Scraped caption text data
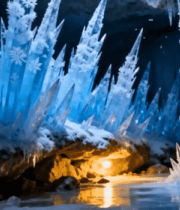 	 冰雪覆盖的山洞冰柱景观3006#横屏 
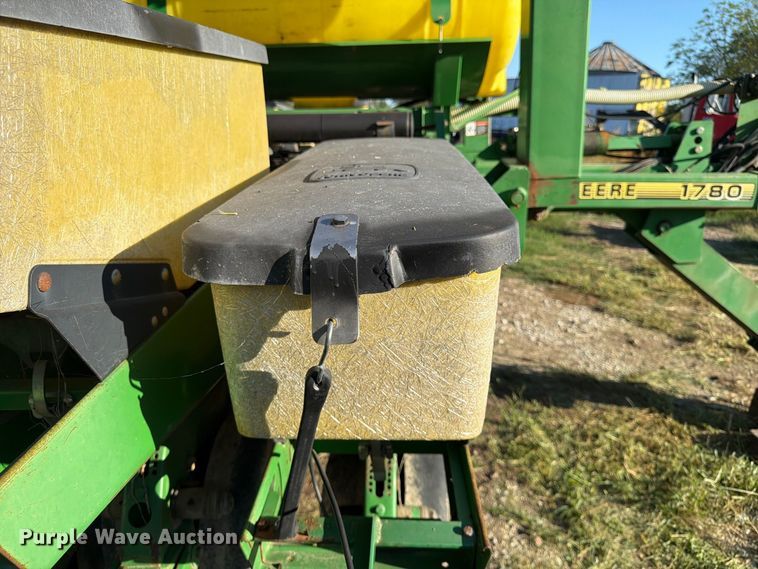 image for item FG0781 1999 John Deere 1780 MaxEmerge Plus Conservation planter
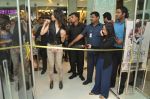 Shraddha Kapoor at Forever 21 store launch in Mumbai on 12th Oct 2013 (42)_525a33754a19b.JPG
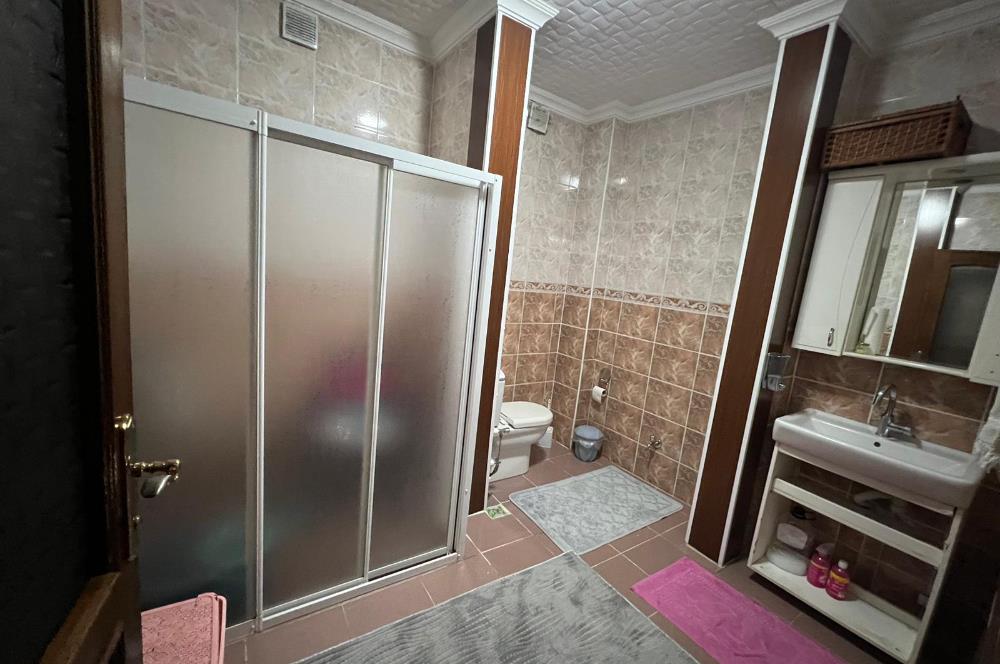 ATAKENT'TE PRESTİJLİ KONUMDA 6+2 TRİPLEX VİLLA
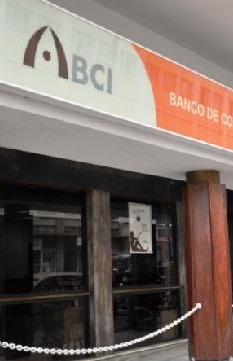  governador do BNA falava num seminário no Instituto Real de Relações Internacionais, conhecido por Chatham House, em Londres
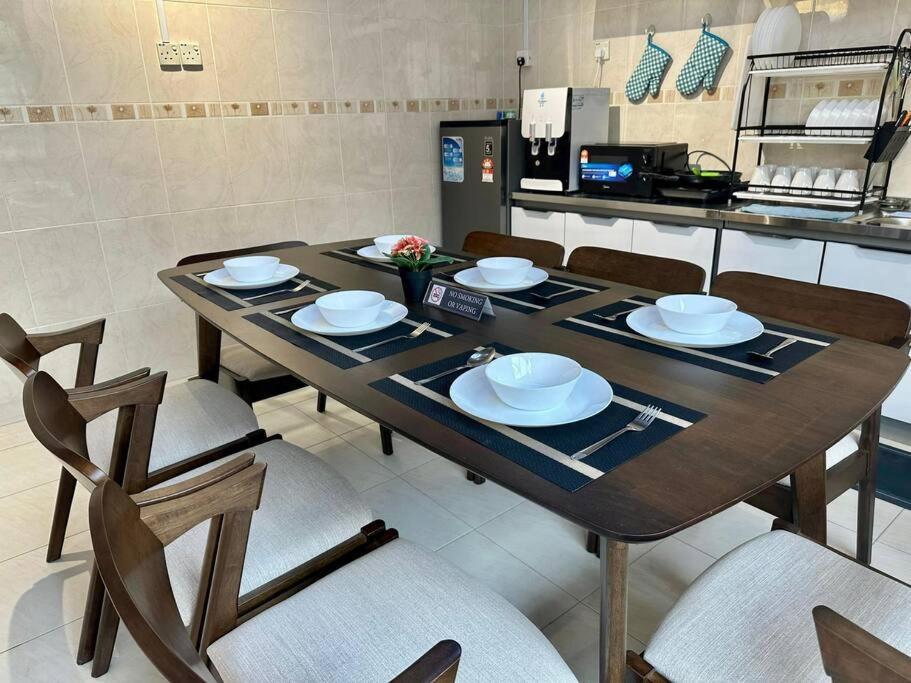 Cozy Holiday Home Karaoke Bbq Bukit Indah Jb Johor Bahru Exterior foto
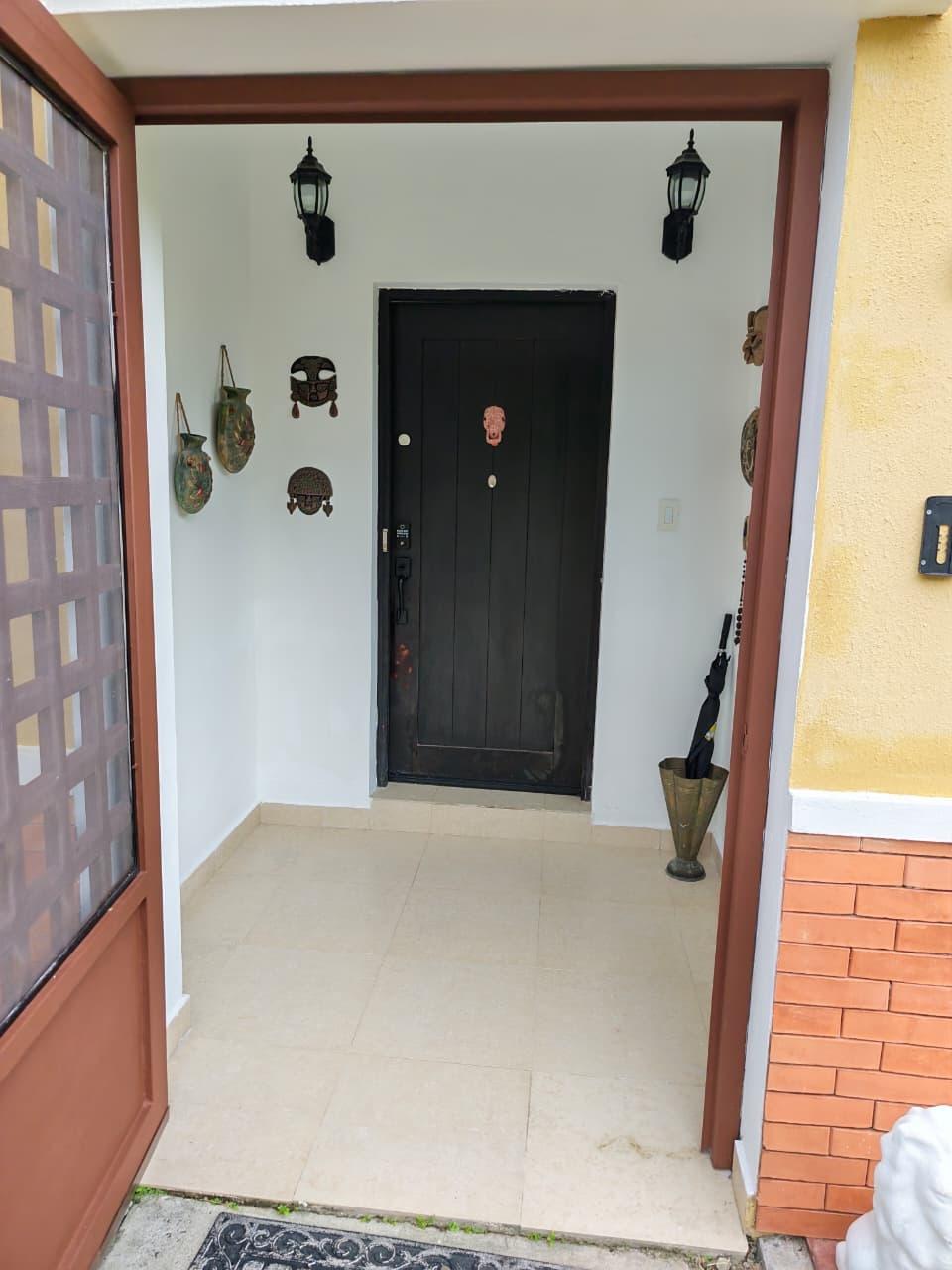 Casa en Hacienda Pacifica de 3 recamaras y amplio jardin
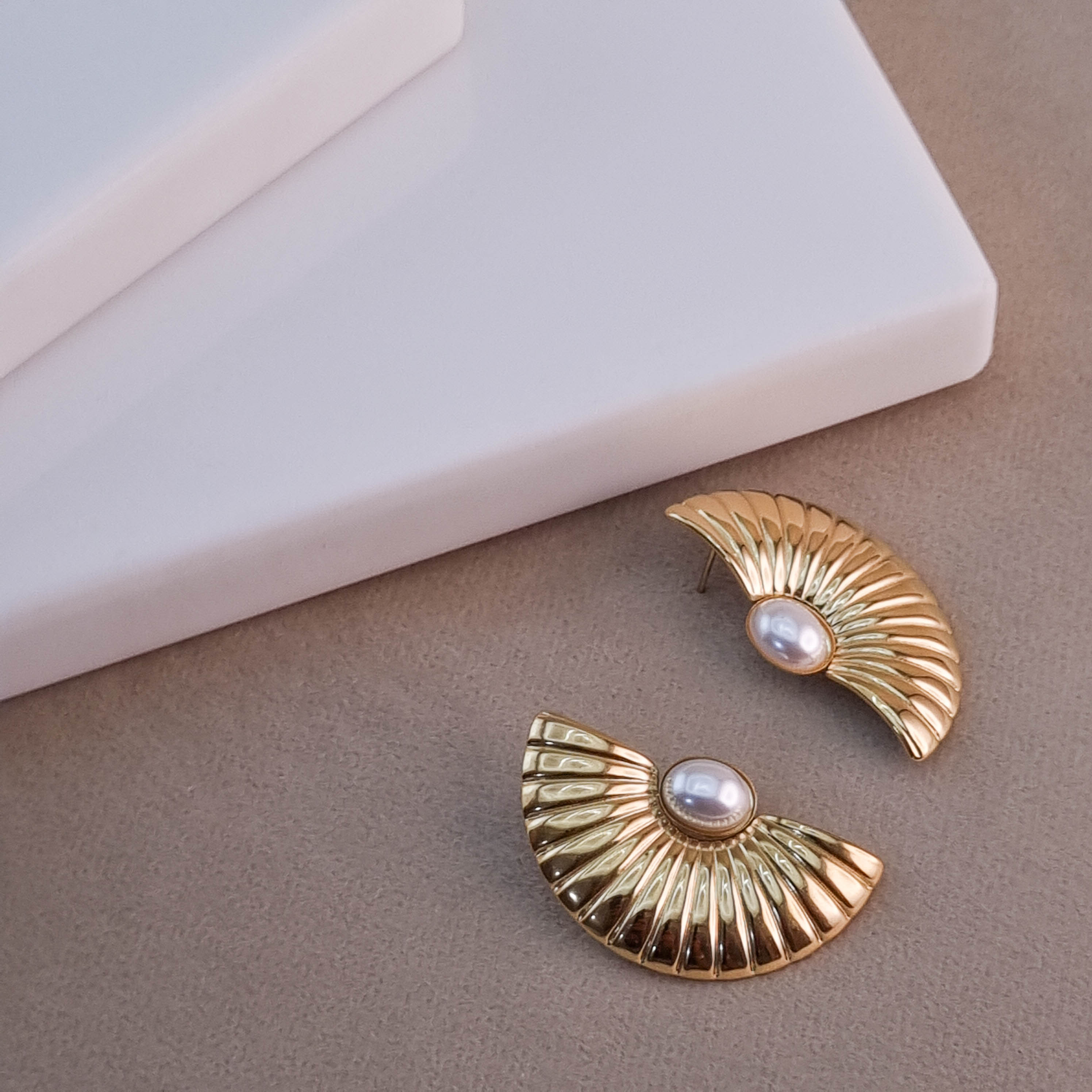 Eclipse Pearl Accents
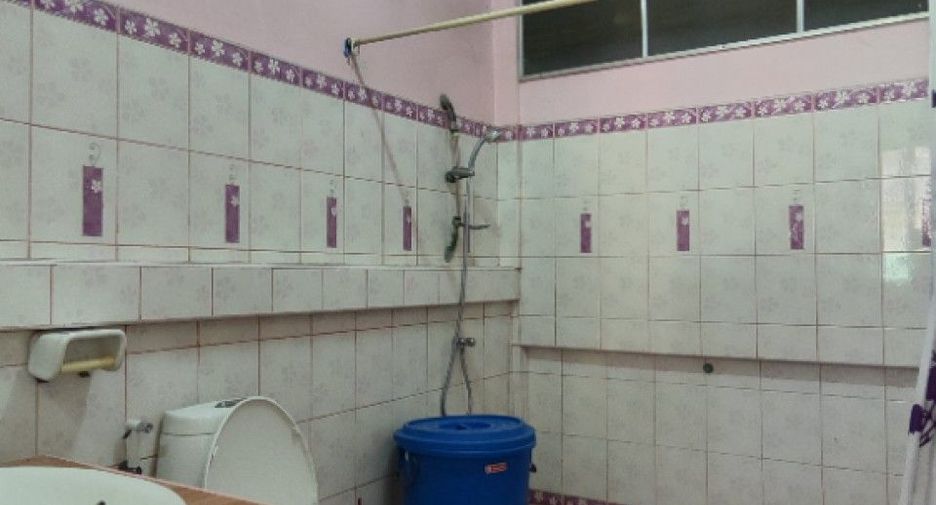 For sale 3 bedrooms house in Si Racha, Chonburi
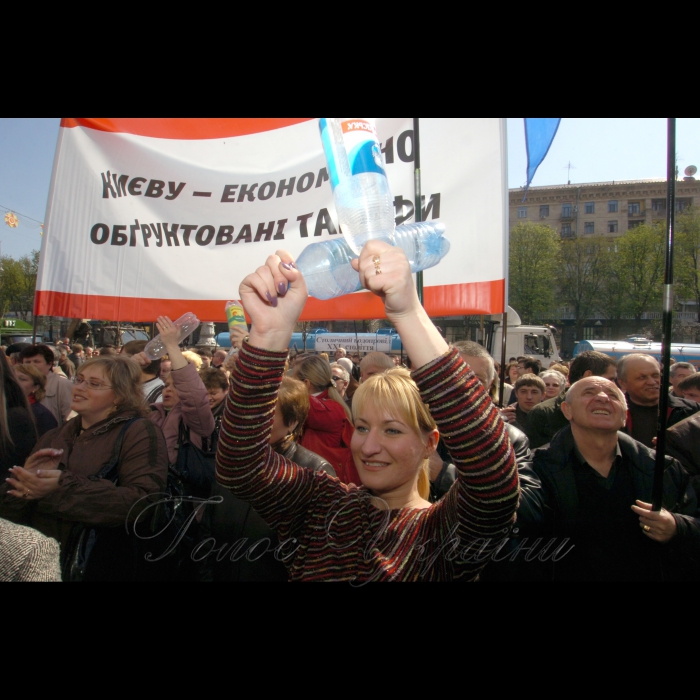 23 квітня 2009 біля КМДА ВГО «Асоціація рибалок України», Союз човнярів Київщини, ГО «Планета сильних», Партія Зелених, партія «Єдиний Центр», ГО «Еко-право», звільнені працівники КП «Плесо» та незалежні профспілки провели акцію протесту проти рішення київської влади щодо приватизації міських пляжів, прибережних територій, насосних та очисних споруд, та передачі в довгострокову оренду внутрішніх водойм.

> **WHAT THE EXERCISE ASKS**:
If a line falls between the one containing "Cozy Holiday Home" and the last line of the entries above, both included, reproduce it exactly; leave the pictures out.

> **ANSWER SPACE**:
 Cozy Holiday Home Karaoke Bbq Bukit Indah Jb Johor Bahru Exterior foto
 Casa en Hacienda Pacifica de 3 recamaras y amplio jardin
 Eclipse Pearl Accents
 For sale 3 bedrooms house in Si Racha, Chonburi
 23 квітня 2009 біля КМДА ВГО «Асоціація рибалок України», Союз човнярів Київщини, ГО «Планета сильних», Партія Зелених, партія «Єдиний Центр», ГО «Еко-право», звільнені працівники КП «Плесо» та незалежні профспілки провели акцію протесту проти рішення київської влади щодо приватизації міських пляжів, прибережних територій, насосних та очисних споруд, та передачі в довгострокову оренду внутрішніх водойм.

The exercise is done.